RECORDS SUPPLIED: Begin

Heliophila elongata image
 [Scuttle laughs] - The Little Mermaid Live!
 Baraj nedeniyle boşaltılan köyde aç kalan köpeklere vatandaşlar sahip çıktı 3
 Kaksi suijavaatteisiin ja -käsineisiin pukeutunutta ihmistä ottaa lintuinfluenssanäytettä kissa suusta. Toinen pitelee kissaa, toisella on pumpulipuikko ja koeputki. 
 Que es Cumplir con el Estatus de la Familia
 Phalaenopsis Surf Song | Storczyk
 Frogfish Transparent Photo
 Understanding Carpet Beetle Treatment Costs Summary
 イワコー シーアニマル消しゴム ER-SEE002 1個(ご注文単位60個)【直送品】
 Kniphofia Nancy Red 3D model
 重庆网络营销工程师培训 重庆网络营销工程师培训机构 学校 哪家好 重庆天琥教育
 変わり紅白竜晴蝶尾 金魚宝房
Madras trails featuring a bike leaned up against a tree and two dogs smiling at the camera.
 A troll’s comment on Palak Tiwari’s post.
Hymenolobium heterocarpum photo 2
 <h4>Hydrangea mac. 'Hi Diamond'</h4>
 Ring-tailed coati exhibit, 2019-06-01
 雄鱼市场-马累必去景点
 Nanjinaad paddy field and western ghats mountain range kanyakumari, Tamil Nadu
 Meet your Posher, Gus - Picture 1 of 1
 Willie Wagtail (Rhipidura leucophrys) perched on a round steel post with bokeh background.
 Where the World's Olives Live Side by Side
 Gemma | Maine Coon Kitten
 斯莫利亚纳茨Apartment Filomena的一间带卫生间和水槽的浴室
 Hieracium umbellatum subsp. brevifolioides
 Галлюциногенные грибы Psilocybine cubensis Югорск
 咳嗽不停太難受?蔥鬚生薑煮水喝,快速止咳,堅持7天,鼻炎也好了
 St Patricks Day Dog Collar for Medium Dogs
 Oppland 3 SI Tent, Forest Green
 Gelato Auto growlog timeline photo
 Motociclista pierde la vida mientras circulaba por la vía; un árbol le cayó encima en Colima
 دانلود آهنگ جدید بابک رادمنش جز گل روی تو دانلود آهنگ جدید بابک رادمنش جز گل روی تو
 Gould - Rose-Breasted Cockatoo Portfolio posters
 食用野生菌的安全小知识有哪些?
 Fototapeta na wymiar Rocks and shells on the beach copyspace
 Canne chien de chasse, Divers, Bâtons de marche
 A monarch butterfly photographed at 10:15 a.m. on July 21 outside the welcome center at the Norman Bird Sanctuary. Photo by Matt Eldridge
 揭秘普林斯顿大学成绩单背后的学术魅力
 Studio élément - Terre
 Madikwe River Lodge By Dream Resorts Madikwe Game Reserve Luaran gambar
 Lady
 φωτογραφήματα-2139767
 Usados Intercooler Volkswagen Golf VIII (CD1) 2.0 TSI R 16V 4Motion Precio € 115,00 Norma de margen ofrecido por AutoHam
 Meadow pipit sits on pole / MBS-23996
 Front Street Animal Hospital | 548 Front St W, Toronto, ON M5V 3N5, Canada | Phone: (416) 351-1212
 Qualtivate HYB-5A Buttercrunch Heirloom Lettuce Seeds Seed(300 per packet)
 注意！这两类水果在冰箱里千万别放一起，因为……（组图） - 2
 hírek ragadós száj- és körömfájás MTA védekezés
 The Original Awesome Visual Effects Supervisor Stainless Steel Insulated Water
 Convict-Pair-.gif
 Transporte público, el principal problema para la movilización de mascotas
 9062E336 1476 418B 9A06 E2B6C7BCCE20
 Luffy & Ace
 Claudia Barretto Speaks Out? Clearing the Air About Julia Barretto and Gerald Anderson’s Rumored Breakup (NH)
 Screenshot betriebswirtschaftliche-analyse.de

RECORDS SUPPLIED: End

Every piece of the data is to be set down again exactly.

Heliophila elongata image
 [Scuttle laughs] - The Little Mermaid Live!
 Baraj nedeniyle boşaltılan köyde aç kalan köpeklere vatandaşlar sahip çıktı 3
 Kaksi suijavaatteisiin ja -käsineisiin pukeutunutta ihmistä ottaa lintuinfluenssanäytettä kissa suusta. Toinen pitelee kissaa, toisella on pumpulipuikko ja koeputki. 
 Que es Cumplir con el Estatus de la Familia
 Phalaenopsis Surf Song | Storczyk
 Frogfish Transparent Photo
 Understanding Carpet Beetle Treatment Costs Summary
 イワコー シーアニマル消しゴム ER-SEE002 1個(ご注文単位60個)【直送品】
 Kniphofia Nancy Red 3D model
 重庆网络营销工程师培训 重庆网络营销工程师培训机构 学校 哪家好 重庆天琥教育
 変わり紅白竜晴蝶尾 金魚宝房
Madras trails featuring a bike leaned up against a tree and two dogs smiling at the camera.
 A troll’s comment on Palak Tiwari’s post.
Hymenolobium heterocarpum photo 2
 <h4>Hydrangea mac. 'Hi Diamond'</h4>
 Ring-tailed coati exhibit, 2019-06-01
 雄鱼市场-马累必去景点
 Nanjinaad paddy field and western ghats mountain range kanyakumari, Tamil Nadu
 Meet your Posher, Gus - Picture 1 of 1
 Willie Wagtail (Rhipidura leucophrys) perched on a round steel post with bokeh background.
 Where the World's Olives Live Side by Side
 Gemma | Maine Coon Kitten
 斯莫利亚纳茨Apartment Filomena的一间带卫生间和水槽的浴室
 Hieracium umbellatum subsp. brevifolioides
 Галлюциногенные грибы Psilocybine cubensis Югорск
 咳嗽不停太難受?蔥鬚生薑煮水喝,快速止咳,堅持7天,鼻炎也好了
 St Patricks Day Dog Collar for Medium Dogs
 Oppland 3 SI Tent, Forest Green
 Gelato Auto growlog timeline photo
 Motociclista pierde la vida mientras circulaba por la vía; un árbol le cayó encima en Colima
 دانلود آهنگ جدید بابک رادمنش جز گل روی تو دانلود آهنگ جدید بابک رادمنش جز گل روی تو
 Gould - Rose-Breasted Cockatoo Portfolio posters
 食用野生菌的安全小知识有哪些?
 Fototapeta na wymiar Rocks and shells on the beach copyspace
 Canne chien de chasse, Divers, Bâtons de marche
 A monarch butterfly photographed at 10:15 a.m. on July 21 outside the welcome center at the Norman Bird Sanctuary. Photo by Matt Eldridge
 揭秘普林斯顿大学成绩单背后的学术魅力
 Studio élément - Terre
 Madikwe River Lodge By Dream Resorts Madikwe Game Reserve Luaran gambar
 Lady
 φωτογραφήματα-2139767
 Usados Intercooler Volkswagen Golf VIII (CD1) 2.0 TSI R 16V 4Motion Precio € 115,00 Norma de margen ofrecido por AutoHam
 Meadow pipit sits on pole / MBS-23996
 Front Street Animal Hospital | 548 Front St W, Toronto, ON M5V 3N5, Canada | Phone: (416) 351-1212
 Qualtivate HYB-5A Buttercrunch Heirloom Lettuce Seeds Seed(300 per packet)
 注意！这两类水果在冰箱里千万别放一起，因为……（组图） - 2
 hírek ragadós száj- és körömfájás MTA védekezés
 The Original Awesome Visual Effects Supervisor Stainless Steel Insulated Water
 Convict-Pair-.gif
 Transporte público, el principal problema para la movilización de mascotas
 9062E336 1476 418B 9A06 E2B6C7BCCE20
 Luffy & Ace
 Claudia Barretto Speaks Out? Clearing the Air About Julia Barretto and Gerald Anderson’s Rumored Breakup (NH)
 Screenshot betriebswirtschaftliche-analyse.de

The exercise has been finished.